Читать книгу Strafrecht - Besonderer Teil II - Jörg Eisele - Страница 45

4.Fälle des Vorsatzwechsels

Оглавление

162Soweit man sich bei der Beurteilung der Geringwertigkeit nicht auf eine rein objektive Betrachtung beschränkt, ist die Anwendbarkeit des § 243 Abs. 2 in Fällen heftig umstritten, in denen sich der Vorsatz des Täters hinsichtlich der Geringwertigkeit der Sache während der Tat, d. h. zwischen versuchtem und vollendetem Diebstahl, ändert.

163a) Dabei muss es sich nach h. M. zunächst überhaupt noch um dieselbe Dieb­stahls­tat handeln. Für den einheitlichen Diebstahlsvorsatz ist die Beschränkung der Vorstellung des Täters auf bestimmte Gegenstände demnach grundsätzlich unwesentlich417. Handelt es sich um einen einheitlichen Diebstahl, so kann die Tat nur insgesamt als besonders schwerer Fall des Diebstahls oder einfacher Diebstahl bewertet werden418. Ist der Täter dagegen vom ursprünglichen Diebstahl, der auf eine (nicht) geringwertige Sache gerichtet war, strafbefreiend zurückgetreten und fasst er erst anschließend den Entschluss, nun eine andere Sache wegzunehmen, so ist hinsichtlich § 243 Abs. 2 nur die neue Diebstahlstat maßgeblich, wenn diese ebenfalls einen besonders schweren Fall begründet419.

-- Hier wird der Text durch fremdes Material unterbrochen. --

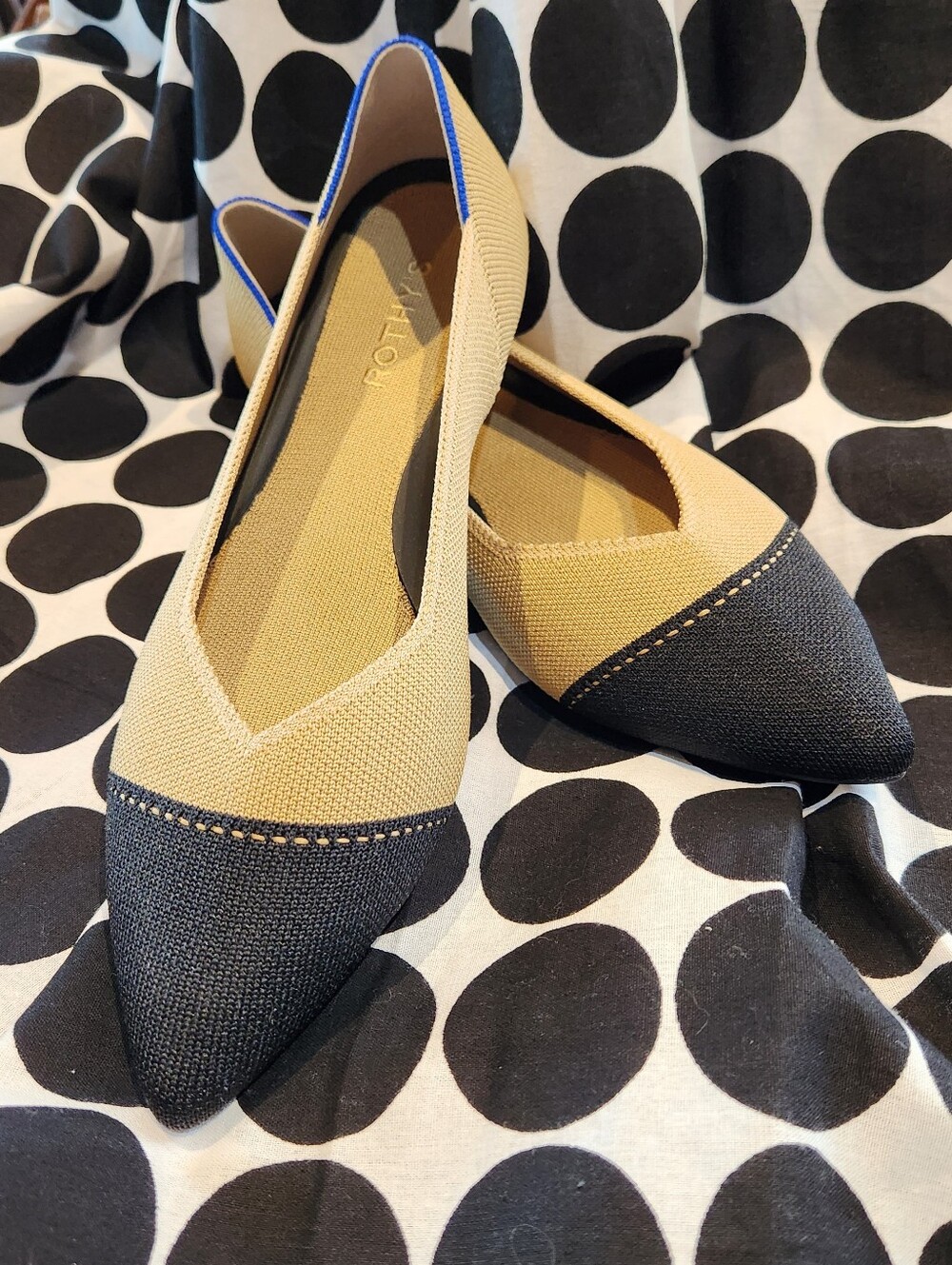 Rothy's Two-Tone Pointed Toe Flats in Beige and Black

Bsp. (1): T möchte aus einem Geschäftsraum, in den er eingebrochen ist, eine wertvolle Vase stehlen. Kurz vor dem Ausgang reut es ihn und er stellt die Vase zurück. Als er das Gebäude verlassen will, sieht er in einem verschlossenen Nebenraum einen Kasten Bier. Er öffnet das gekippte Fenster, steigt in den Raum und trinkt noch ein paar Flaschen Bier. – T ist zunächst von §§ 242, 243 Abs. 1 Satz 2 Nr. 1, 22, 23 hinsichtlich der Vase gemäß § 24 Abs. 1 Satz 1 Var. 1 (unbeendeter Versuch) zurückgetreten. Erst anschließend hat er einen neuen Entschluss gefasst und dabei §§ 242, 243 Abs. 1 Satz 2 Nr. 1 verwirklicht; auf diese Tat findet § 243 Abs. 2 Anwendung, so dass er nur nach § 242 bestraft wird.

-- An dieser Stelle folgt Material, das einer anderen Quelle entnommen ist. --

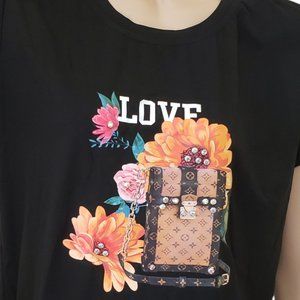 AZ Iridescent Rhinestone Bling Love Heat Transfer T-Shirt SZ S/M Black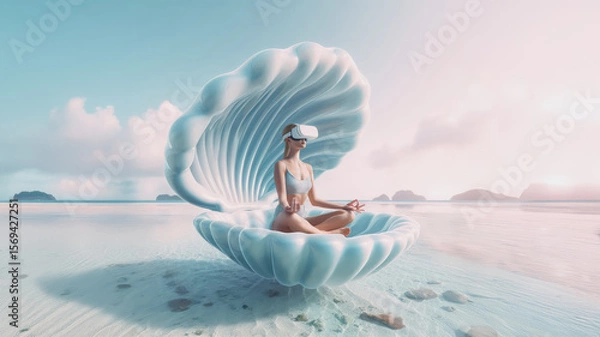 Fototapeta Young woman meditation in virtual space. Metaverse Virtual Wellness / Sci-fi concept.
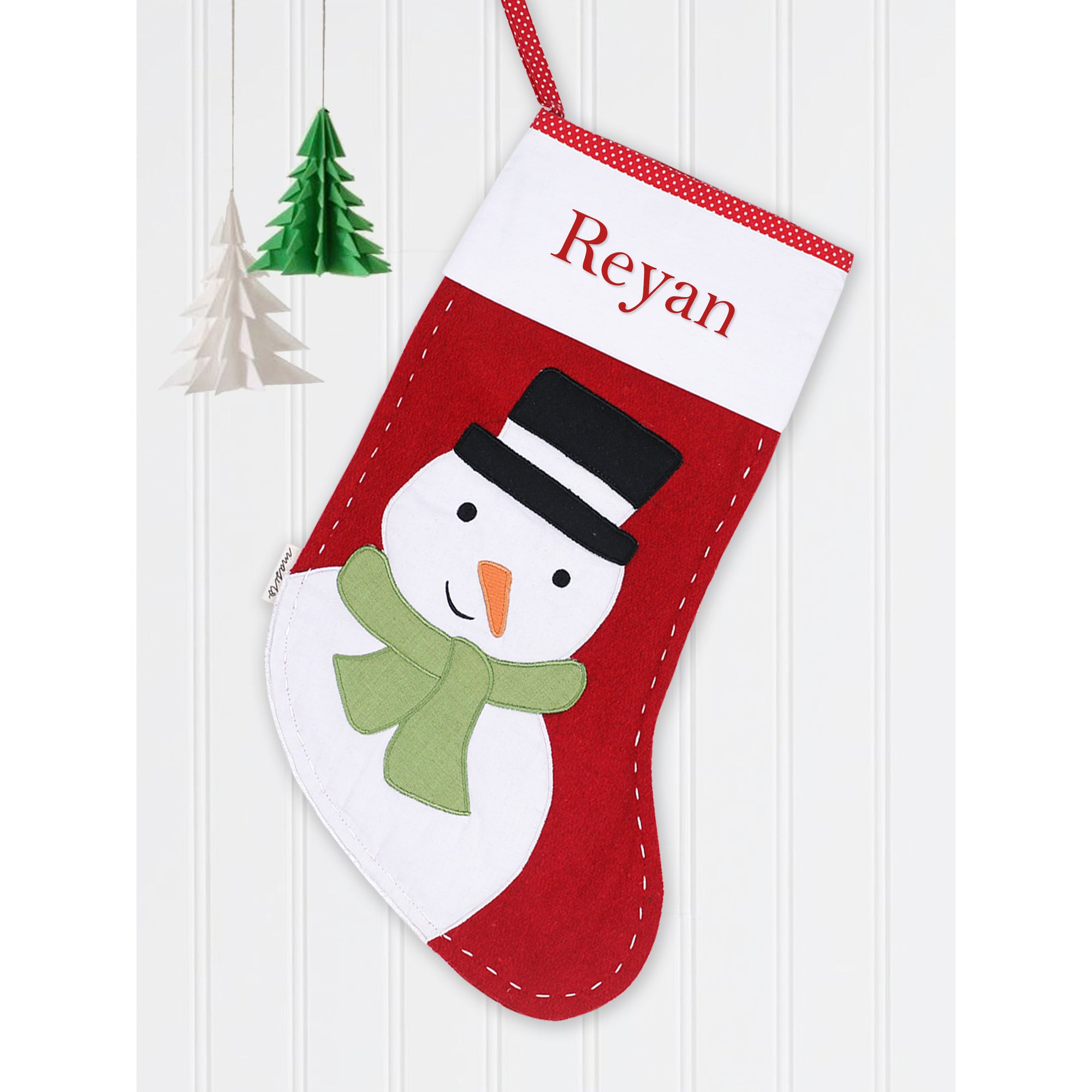 Unisex Cotton/wool mix adorable handmade Christmas Stocking – Top Hat Snowman-Red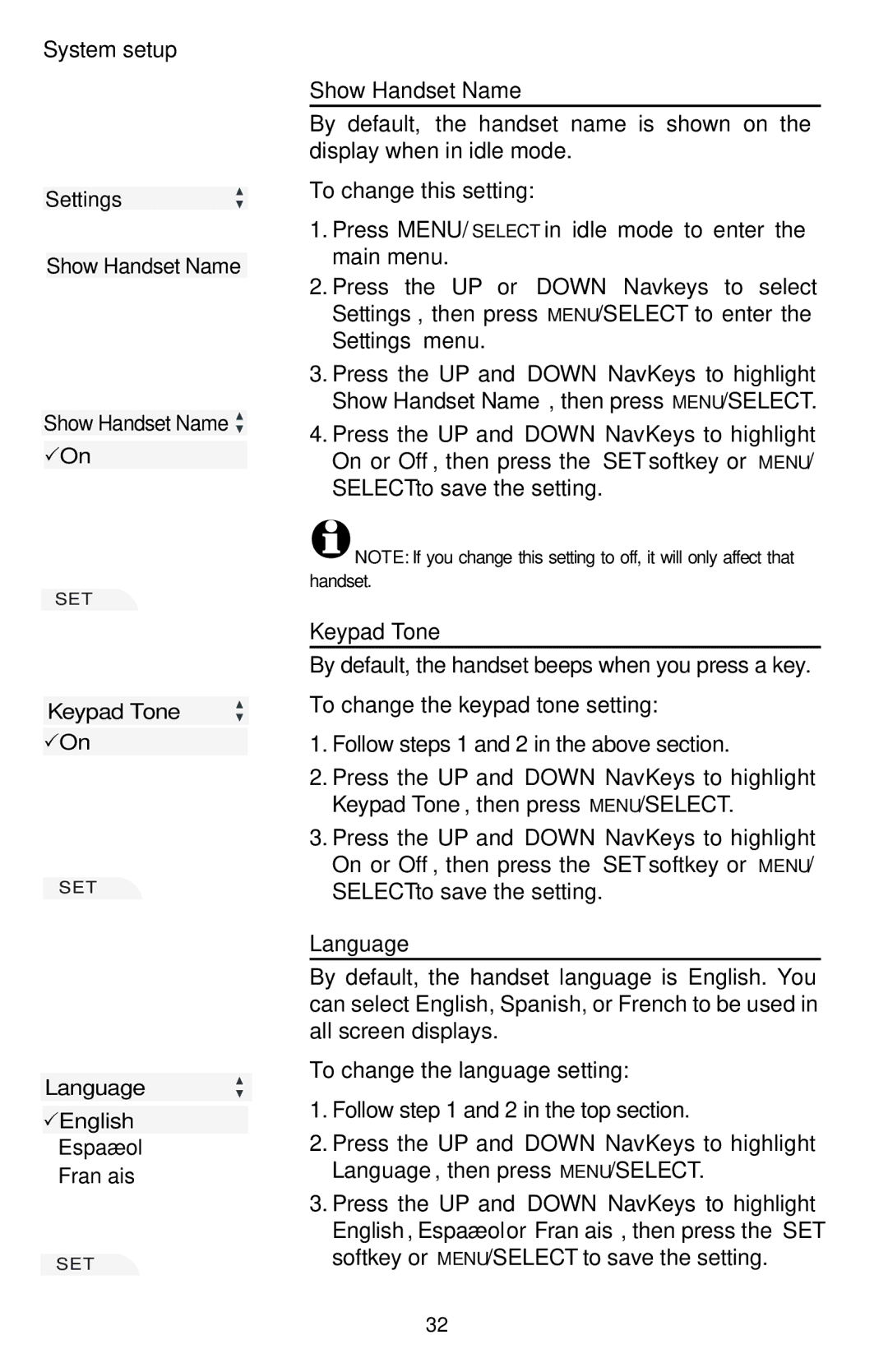 AT&T EP5632/EP5632-2 user manual Show Handset Name, Keypad Tone, Language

Bsp. (2): Wie Bsp. 1, doch T findet keine Vase, so dass er zu einer Kiste Bier greift, die mitten im Raum steht. – Hier handelt es sich um eine einheitliche Tat, so dass sich die streitige Frage stellt, welche Auswirkung der Vorsatzwechsel hat. Entsprechendes gilt, wenn T vom ursprünglichen Vorsatz hinsichtlich des Getränks zur Mitnahme der Vase wechselt.

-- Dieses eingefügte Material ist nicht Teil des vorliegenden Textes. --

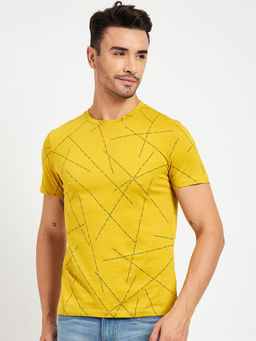 CAMLA - Men Printed Yellow T-Shirt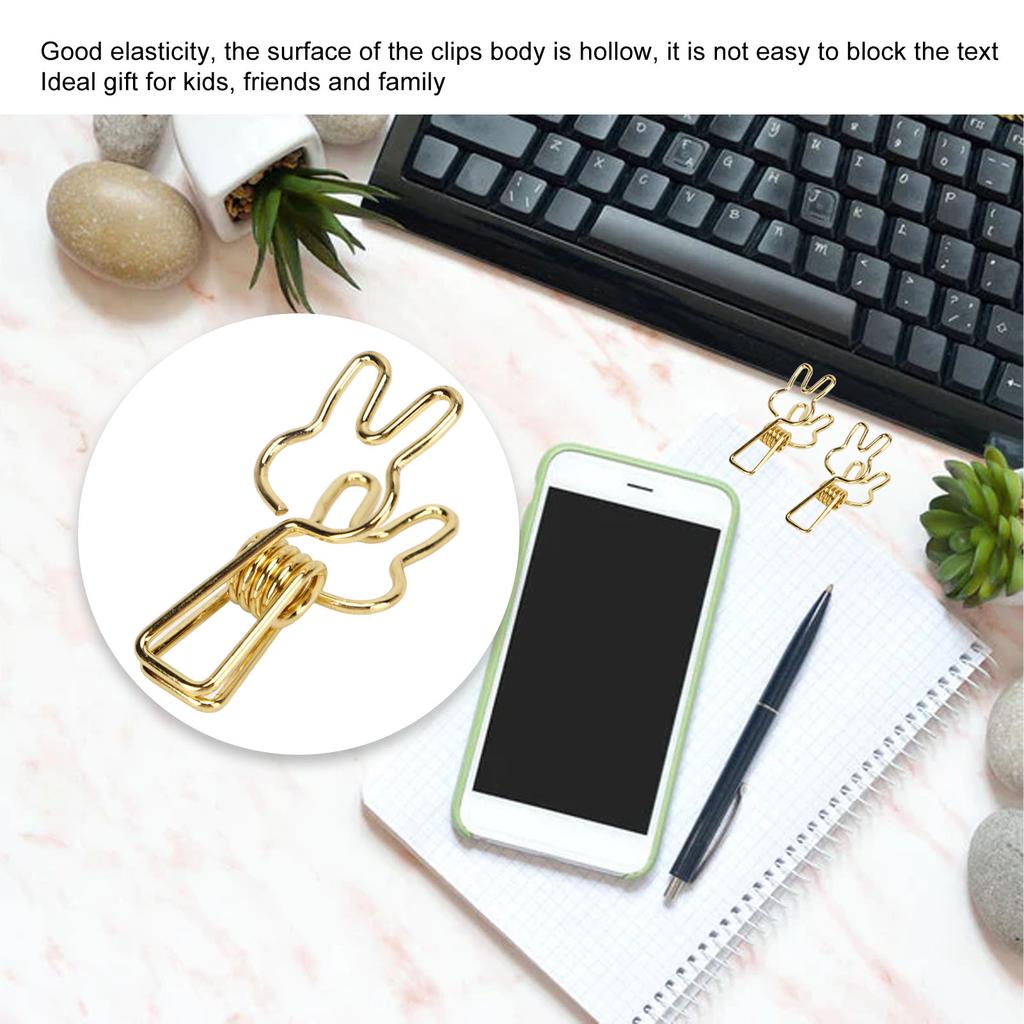 100pcs   Clips Cute Cartoon   Shape Metal Hollowed   Tail Clips Paper Clamps for   Document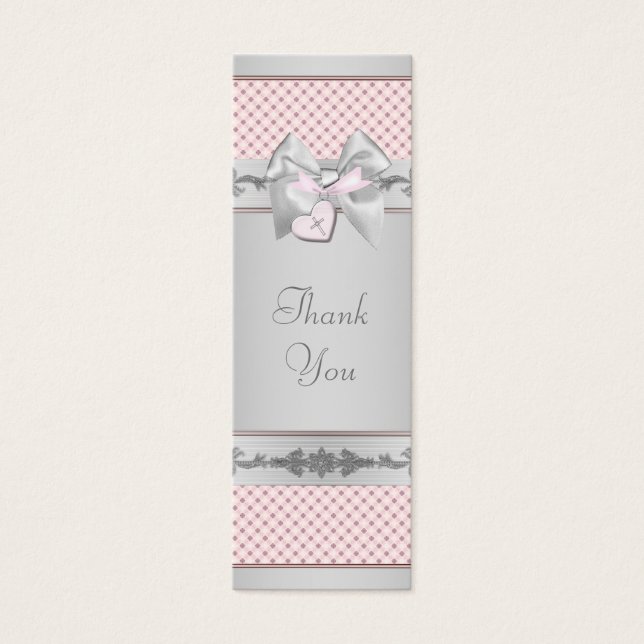 Pink Cross Bomboniere Tags (Front)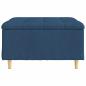 Preview: Knopf Hocker mit Kissen Blau 80 x 80 x 45 cm Stoff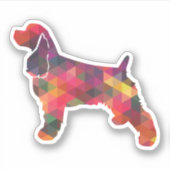 Cocker Spaniel Dog Geometric Pattern Silhouette Sticker (Voorkant)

164Die h. M. verlangt für die Anwendbarkeit des § 243 Abs. 2, dass der Tätervorsatz vom Versuchsbeginn bis zur Vollendung ausschließlich auf eine geringwertige Sache gerichtet ist und verneint § 243 Abs. 2 daher in Bsp. 2420. Dafür spricht, dass die Vorschrift auf die Diebstahlstat und damit auf die Phase zwischen Versuch und Vollendung des § 242 verweist. In Fällen, in denen der Täter entgegen seinem ursprünglichen Tatentschluss eine nicht geringwertige Sache wegnimmt, liegt der vorausgesetzte „bagatellarische Erfolgsunwert“421 nicht vor und auch das Handlungsunrecht ist nur bis zu dem Zeitpunkt des Vorsatzwechsels verringert422. Beschränkt sich der Täter dagegen erst im Verlauf der Tat auf ein geringwertiges Tatobjekt, so darf er grundsätzlich nicht günstiger gestellt werden, als wenn die auf eine nicht geringwertige Sache gerichtete Tat im Versuchsstadium ganz stecken bleibt und nichts gestohlen wird; in letztgenanntem Fall ist aber § 243 anwendbar423. Ein „Teilrücktritt“ von § 243 ist in solchen Fällen aber nach § 24 (analog) zuzulassen, wenn der Täter sich freiwillig auf ein geringwertiges Objekt beschränkt; dann ist allein § 242 anwendbar424.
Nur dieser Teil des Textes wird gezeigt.